The primary objective of many banks in deploying a Single Bank Platform (SDP) was to get an electronic presence out to their end-customers in the hope of encouraging self-service trading. According to John Ashworth, CEO of Caplin Systems, “There was always the hope that certain segments of their customers would trade directly, but for regional and super-regional banks it was also about a real-estate grab as a defence mechanism against disintermediation from the larger banks. What has changed markedly in the last 12 months is the emphasis banks are placing on making the SDP a tool to improve internal sales efficiency.”
Recent investment in platforms has been driven by regulation, and making all the workflows handled by and through SDPs compliant with the new directives. However, Ashworth adds that the general need for cost control within banks is also causing them to think very hard about which customers they want (i.e. are suitably profitable), and of those they choose to retain, whom they want to offer a high-touch human sales interaction and whom they would prefer to service through a call centre.
He says: “The objective of the SDP to enable the customer to self-serve is as great as ever. But now SDPs are becoming very much more focused on internal ‘customers’ (the bank’s sales staff) and providing workflow and product support internally, to make the sales person’s job more efficient.”

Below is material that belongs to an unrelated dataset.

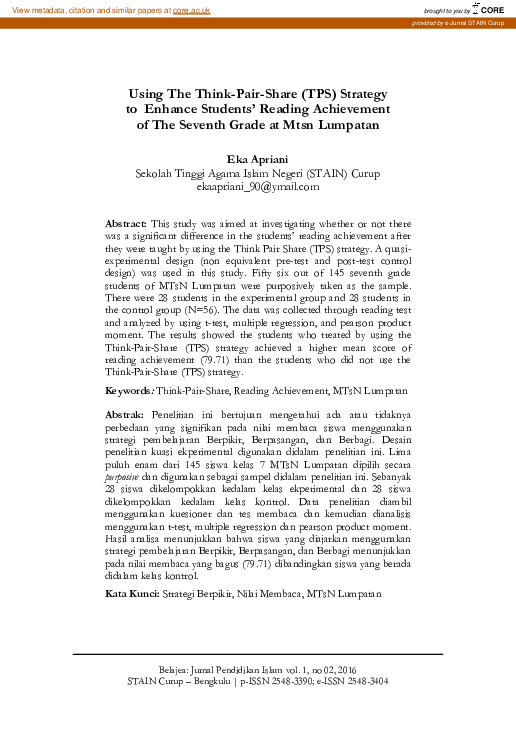 (PDF) Using The Think-Pair-Share (TPS) Strategy to Enhance Studentsâ ...
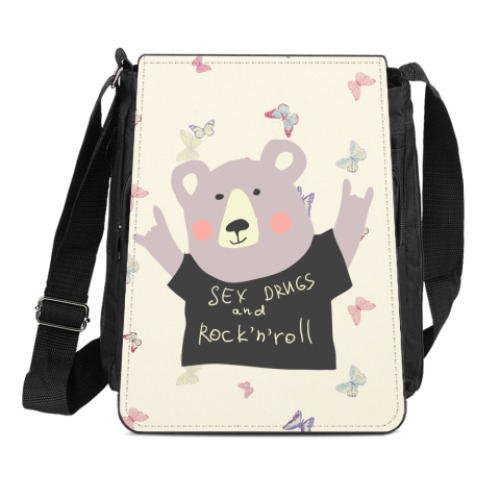 Сумка-планшет с принтом Секс наркотики и рок-н-ролл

The availability of technology is narrowing the gap between what the larger banks and the tier two banks can offer. Furthermore, Ashworth says that by componentising the building blocks of the SDP, the technology has become more available to lower tier banks. He says: “We have spent a lot of time making out-of-the-box reference implementations which are then very easily customised. Ten years ago, SDPs were either phenomenally expensive, or looked very similar. We have put a huge amount of software architecture into making the components so that the front end can be easily tailored to each bank”. This component approach, using HTML5 technology, lowers time to market and Ashworth adds that with regulation and compliance taking up more time and focus, banks have less time to build to from scratch.
Greater regulation around best execution is having an impact on the use of SDPs. Bank providers need to be transparent about price construction and negotiation, and end-customers need to be very transparent about demonstrating that they have achieved the best price. Ashworth believes there always has been, and always will be, a place for multi-dealer platforms, to serve certain types of customers, who only really need a comparison capability, in certain markets, whereas in other markets, best execution will be accomplished from an SDP. “Banks are at pains, as part of the sales process, to demonstrate why the narrowest spread or best rate is not necessarily the best value because the probability of getting filled comes into play”, he adds.
As a result, transaction cost analysis and best execution analysis tools are increasingly being included in SDPs, as well as broader product coverage, in order to include block trading, flexi-forwards, time-options and regular options increasingly being offered by the banks, along with algorithmic capabilities.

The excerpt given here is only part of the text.